**DATA EXCERPTS:**
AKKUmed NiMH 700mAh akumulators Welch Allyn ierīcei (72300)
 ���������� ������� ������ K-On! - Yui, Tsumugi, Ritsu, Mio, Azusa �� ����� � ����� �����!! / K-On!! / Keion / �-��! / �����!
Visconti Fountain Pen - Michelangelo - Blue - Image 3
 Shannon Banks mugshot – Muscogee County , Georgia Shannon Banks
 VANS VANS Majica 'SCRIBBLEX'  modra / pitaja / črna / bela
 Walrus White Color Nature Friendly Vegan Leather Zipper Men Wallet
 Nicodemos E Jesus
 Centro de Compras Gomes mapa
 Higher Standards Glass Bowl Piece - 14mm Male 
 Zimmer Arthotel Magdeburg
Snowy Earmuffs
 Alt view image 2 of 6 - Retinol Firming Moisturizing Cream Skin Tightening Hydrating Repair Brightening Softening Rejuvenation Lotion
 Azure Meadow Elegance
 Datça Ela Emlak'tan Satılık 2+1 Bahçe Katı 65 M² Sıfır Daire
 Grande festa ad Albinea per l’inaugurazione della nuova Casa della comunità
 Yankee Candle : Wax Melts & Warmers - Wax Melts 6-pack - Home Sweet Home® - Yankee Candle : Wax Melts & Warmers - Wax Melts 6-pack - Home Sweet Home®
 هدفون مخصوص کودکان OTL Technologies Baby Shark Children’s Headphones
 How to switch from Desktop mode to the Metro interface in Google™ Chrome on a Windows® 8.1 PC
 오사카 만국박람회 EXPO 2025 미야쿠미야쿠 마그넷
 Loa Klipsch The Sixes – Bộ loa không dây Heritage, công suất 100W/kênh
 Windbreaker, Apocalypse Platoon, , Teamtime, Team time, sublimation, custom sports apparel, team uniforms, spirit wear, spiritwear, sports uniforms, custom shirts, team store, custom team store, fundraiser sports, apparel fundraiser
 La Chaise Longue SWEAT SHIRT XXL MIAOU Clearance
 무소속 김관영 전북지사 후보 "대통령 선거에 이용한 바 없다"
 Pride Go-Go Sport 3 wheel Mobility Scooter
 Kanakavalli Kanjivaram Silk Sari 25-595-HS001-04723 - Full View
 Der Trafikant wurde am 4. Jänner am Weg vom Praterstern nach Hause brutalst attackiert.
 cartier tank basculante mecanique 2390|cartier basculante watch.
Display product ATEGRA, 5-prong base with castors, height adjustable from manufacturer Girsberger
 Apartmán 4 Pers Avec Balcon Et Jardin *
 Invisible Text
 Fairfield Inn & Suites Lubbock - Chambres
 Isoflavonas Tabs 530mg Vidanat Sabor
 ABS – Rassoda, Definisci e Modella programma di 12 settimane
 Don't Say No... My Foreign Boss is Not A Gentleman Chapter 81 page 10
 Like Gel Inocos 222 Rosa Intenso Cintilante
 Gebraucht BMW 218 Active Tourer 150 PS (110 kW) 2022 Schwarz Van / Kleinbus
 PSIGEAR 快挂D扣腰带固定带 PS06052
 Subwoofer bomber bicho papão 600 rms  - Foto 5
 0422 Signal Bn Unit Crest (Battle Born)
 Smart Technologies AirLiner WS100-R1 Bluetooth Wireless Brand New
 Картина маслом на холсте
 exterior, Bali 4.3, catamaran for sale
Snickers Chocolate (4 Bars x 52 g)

**WHAT THE TASK ASKS:**
Take the line that contains "Smart Technologies AirLiner" and each line after it through the end of the records, and repeat them all exactly. Nothing else.

**TASK ANSWER:**
 Smart Technologies AirLiner WS100-R1 Bluetooth Wireless Brand New
 Картина маслом на холсте
 exterior, Bali 4.3, catamaran for sale
Snickers Chocolate (4 Bars x 52 g)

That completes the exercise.